■ **Exercise goal**: Repeat the data exactly as given below, dropping every picture.

■ **Given information**:

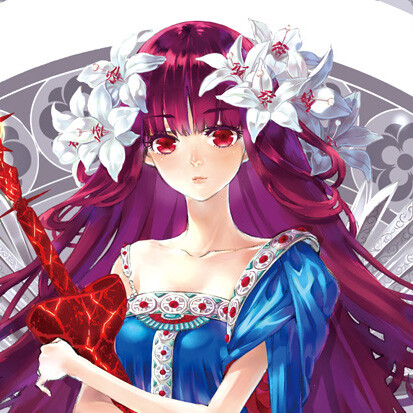到底是不是表白,请关注421燃,最新一话月月蚀漫画少女新的头像 少女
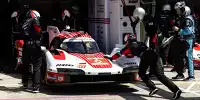 Porsche #6 disqualifiziert! Aston Martin rückt in Hyperpole auf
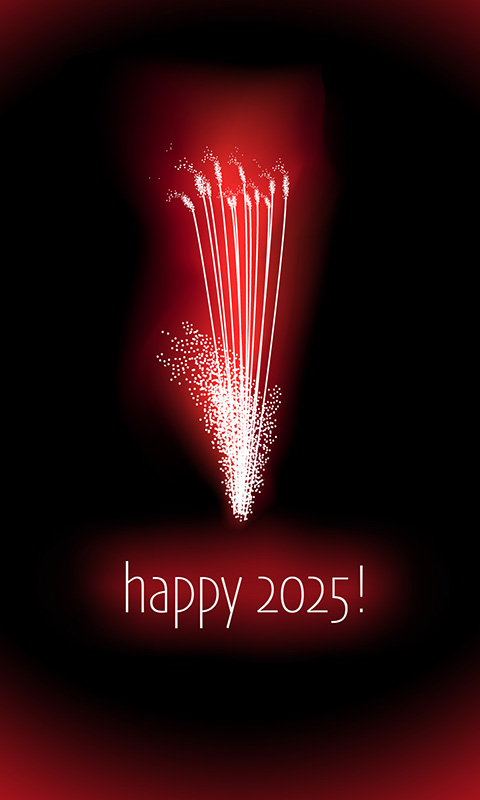 Happy New Year 2025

■ **Result for this exercise**:
到底是不是表白,请关注421燃,最新一话月月蚀漫画少女新的头像 少女
 Porsche #6 disqualifiziert! Aston Martin rückt in Hyperpole auf
 Happy New Year 2025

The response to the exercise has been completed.